Cigar cutter and lighter

How to properly cut a cigar

To accomplish an even cut, the best cutter to use is a double blade guillotine cutter as this produces the cleanest edge. The ideal cut should be about 1/16th to 1/8th of an inch (about 2 millimeters), taking off about 2/3 of the cap (the tip closest to the band), at the curved end of the cap just before it begins to straighten.

Don’t cut the whole cap off and whatever you do, never cut into the body of the cigar. This will cause the wrapper to unravel, ruining the experience for you. On the other hand, if you cut too low, the opening might be quite small, and you will find your cigar difficult to smoke.

best way to light a cigar

Use a butane lighter or torch or a slow-burning wood match to light your cigar. If you use a match, wait for a moment or two before moving the cigar close to the flame to burn off the match stick’s initial chemicals like sulfur or phosphorous. You don’t want those or other chemicals to coat your cigar. Never use paper matches, gas lighters, or scented candles in lighting your cigar. A butane torch lighter is recommended if you smoke outside on a blustery day.

Achieving an even burn in lighting your cigar is the third skill you will acquire as you learn how to smoke a cigar. Some friends of mine prefer to light their cigar with cedarwood. It’s actually pretty easy to get some, since most cigar houses actually use cedar boxes in their packaging. So, next time you buy a box of cigars, break off a small piece of cedar wood from between the cigar layers, and use that in your next cigar session.

Experienced cigar aficionados recommend that you “toast” or “warm-up” your cigar first before actually lighting it. This is done by exposing the foot of the cigar close to the flame (about 2cm.) without actually touching it. Rotate slowly. This ensures that the exposed tobacco is ready once you light your cigar.

(Watch it in this How To Smoke A Cigar video).


After the cigar has been warmed sufficiently, it’s now time to light up. Put the cigar in your mouth at a 30 degrees to 45 degrees angle. Apply the flame just close enough to touch the foot of your cigar. Draw lightly on the cigar and rotate gently. Drawing too fast will oxidize the tobacco and give you a bitter taste. Although this will pass, but it’s an unnecessary hassle that can be avoided.

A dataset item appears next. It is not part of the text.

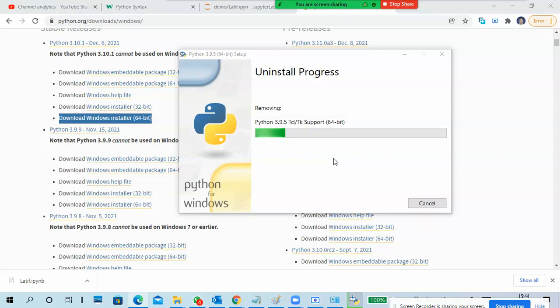A student asks: 'I'm getting an error installing Python in a virtual machine - error 0x80070003, the system cannot find the path specified.' The instructor asks: did you download the application in your physical machine and then install in the virtual machine? Yes. So just clean up once, restart the PC, and try to install again.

Continue drawing on your cigar and rotating it until you achieve an even burn, and the draw is easier and smoother. You’re almost done with the preliminaries in learning how to smoke a cigar. Put out the flame and inspect the burning foot of your cigar. I sometimes blow very softly on the glowing end to make sure that it’s burning evenly. Now that you have a lighted cigar, go ahead and smoke it. Indulge.